Os vereadores Artemio Caetano, Fábio Manfrinato, Fernando Mantovani e Lima Júnior também marcaram presença, assim como o secretário municipal de Cultura, Elson Reis. O deputado Celso Nascimento foi representado por Silvia Azambuja. O prefeito de Itapuí, José Eduardo Amantini, esteve no local e pontuou que a desativação afeta a todos.
Não é fechar
O termo fechamento é questionado pela Secretaria Estadual da Cultura, já que as atividades continuam na cidade e região de forma descentralizada. A programação trimestral foi anunciada nessa quinta (2) e divulgada pelo JC.
Em reportagem dia 27, o secretário estadual de Cultura, Marcelo Mattos Araújo, afirmou que “ao todo, a verba destinada à manutenção das Oficinas Culturais em todo o Estado (Capital e Interior) seria de R$ 25 milhões em 2015, na previsão inicial, mas com a readequação caiu para R$ 19 milhões”.
É uma marca
“Chega de abrir presídios, tem que abrir mais oficinas culturais e isso previne a violência”, disse o deputado estadual Pedro Tobias.
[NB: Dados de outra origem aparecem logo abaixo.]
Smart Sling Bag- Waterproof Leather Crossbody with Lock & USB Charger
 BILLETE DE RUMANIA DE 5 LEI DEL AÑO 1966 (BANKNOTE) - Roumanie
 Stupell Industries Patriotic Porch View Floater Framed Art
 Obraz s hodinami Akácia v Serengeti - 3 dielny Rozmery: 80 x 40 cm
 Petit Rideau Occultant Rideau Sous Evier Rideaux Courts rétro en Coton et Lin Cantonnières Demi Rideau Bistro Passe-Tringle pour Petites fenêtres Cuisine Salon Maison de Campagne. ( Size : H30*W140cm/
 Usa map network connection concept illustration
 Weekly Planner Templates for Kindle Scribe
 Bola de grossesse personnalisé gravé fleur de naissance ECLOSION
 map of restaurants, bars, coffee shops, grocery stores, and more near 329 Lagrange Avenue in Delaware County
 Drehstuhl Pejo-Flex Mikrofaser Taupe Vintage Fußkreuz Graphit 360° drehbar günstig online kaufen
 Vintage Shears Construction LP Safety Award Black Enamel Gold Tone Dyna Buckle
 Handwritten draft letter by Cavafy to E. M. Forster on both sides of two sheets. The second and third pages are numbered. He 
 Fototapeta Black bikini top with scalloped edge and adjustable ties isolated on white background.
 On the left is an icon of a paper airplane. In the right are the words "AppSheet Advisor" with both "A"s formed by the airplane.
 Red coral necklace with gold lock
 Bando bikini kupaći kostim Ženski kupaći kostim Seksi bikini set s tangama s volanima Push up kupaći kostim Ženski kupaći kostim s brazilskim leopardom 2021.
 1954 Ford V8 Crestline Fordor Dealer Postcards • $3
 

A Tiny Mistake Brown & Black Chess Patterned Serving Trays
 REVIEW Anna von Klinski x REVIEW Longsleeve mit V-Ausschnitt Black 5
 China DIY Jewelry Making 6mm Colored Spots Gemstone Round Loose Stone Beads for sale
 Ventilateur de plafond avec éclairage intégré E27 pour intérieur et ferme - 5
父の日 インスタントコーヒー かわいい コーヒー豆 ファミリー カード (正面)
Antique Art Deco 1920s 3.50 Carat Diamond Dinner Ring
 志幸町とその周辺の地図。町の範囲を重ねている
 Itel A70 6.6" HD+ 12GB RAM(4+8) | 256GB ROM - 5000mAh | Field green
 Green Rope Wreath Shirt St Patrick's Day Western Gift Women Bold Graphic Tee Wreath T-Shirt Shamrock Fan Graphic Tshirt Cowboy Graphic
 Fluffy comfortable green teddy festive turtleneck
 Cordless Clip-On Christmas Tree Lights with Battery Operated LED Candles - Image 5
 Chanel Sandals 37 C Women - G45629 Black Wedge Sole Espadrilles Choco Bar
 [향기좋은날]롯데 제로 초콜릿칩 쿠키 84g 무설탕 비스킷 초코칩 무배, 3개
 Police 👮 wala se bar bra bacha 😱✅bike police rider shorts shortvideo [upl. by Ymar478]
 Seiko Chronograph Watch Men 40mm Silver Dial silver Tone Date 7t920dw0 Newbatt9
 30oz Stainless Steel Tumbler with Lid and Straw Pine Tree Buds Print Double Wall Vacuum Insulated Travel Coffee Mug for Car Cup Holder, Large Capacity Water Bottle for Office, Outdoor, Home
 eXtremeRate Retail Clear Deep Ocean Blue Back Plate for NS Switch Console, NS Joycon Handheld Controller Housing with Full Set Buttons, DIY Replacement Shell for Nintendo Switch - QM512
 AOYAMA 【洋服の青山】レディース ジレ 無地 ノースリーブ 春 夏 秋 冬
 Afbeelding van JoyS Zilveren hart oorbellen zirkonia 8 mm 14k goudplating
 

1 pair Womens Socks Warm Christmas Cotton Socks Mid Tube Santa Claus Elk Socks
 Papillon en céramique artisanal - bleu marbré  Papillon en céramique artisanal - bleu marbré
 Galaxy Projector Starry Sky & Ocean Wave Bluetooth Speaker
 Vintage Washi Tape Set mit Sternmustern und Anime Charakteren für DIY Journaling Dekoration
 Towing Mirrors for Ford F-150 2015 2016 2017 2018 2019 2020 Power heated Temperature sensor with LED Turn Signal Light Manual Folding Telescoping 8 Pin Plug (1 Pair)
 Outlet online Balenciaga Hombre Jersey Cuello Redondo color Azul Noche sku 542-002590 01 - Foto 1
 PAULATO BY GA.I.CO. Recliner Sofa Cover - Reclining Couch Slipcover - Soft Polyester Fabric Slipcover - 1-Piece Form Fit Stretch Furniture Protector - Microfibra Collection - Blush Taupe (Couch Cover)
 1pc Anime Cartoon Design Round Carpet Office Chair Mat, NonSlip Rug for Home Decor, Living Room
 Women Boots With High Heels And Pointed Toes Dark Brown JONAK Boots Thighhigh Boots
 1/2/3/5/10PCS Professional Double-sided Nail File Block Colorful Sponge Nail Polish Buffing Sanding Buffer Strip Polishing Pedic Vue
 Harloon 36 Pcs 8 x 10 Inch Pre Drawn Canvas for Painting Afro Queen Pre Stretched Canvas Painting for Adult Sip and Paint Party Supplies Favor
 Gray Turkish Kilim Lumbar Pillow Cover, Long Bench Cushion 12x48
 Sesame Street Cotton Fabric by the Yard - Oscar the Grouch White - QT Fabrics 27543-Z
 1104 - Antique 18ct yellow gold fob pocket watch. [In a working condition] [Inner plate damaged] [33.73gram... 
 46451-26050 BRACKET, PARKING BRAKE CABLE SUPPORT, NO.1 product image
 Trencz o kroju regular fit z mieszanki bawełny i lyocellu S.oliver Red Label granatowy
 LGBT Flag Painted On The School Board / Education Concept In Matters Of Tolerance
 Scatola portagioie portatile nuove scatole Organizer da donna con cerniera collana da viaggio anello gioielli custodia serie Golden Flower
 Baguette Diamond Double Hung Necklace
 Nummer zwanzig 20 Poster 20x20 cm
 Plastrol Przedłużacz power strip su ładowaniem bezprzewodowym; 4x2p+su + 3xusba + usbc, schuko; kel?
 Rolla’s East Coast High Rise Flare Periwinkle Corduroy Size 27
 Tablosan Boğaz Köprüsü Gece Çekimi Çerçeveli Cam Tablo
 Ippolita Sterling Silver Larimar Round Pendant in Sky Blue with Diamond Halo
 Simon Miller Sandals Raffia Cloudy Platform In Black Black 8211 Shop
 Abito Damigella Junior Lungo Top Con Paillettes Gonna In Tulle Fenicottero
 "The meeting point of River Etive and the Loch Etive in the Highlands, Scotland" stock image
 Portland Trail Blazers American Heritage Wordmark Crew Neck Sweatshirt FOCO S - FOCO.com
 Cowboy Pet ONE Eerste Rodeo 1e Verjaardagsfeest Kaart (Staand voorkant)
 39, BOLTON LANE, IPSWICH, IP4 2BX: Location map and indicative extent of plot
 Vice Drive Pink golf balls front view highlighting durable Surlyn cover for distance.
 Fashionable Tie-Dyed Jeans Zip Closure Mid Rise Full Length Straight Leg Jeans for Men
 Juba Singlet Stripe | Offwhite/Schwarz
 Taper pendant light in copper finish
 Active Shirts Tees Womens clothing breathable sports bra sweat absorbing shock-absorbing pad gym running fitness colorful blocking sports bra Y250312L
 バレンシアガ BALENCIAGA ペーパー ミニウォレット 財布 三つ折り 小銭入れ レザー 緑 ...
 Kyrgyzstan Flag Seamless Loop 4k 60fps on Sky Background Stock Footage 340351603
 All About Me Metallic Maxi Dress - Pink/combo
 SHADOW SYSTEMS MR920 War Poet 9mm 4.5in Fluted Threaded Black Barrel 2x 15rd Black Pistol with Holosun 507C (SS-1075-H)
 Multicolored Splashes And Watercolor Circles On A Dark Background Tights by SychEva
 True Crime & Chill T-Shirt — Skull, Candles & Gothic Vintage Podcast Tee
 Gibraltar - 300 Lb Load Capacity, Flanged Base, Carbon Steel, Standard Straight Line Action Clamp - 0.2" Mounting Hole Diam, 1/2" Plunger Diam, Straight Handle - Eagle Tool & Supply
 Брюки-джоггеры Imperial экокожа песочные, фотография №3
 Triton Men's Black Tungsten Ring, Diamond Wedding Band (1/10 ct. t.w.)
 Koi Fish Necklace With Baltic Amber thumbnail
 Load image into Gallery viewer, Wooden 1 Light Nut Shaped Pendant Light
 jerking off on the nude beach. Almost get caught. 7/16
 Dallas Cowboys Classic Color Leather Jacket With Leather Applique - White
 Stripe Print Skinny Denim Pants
Para ele – que é do PSDB e amigo do governador Geraldo Alckmin – o prédio de Bauru é o mais lindo do tipo no Estado e deve ser uma marca registrada da Secretaria da Cultura.
Além disso, Pedro Tobias vai assumir a Comissão de Fiscalização da Assembleia Legislativa e já adiantou que o primeiro a ser convidado será o secretário estadual de Cultura, Marcelo Mattos Araújo.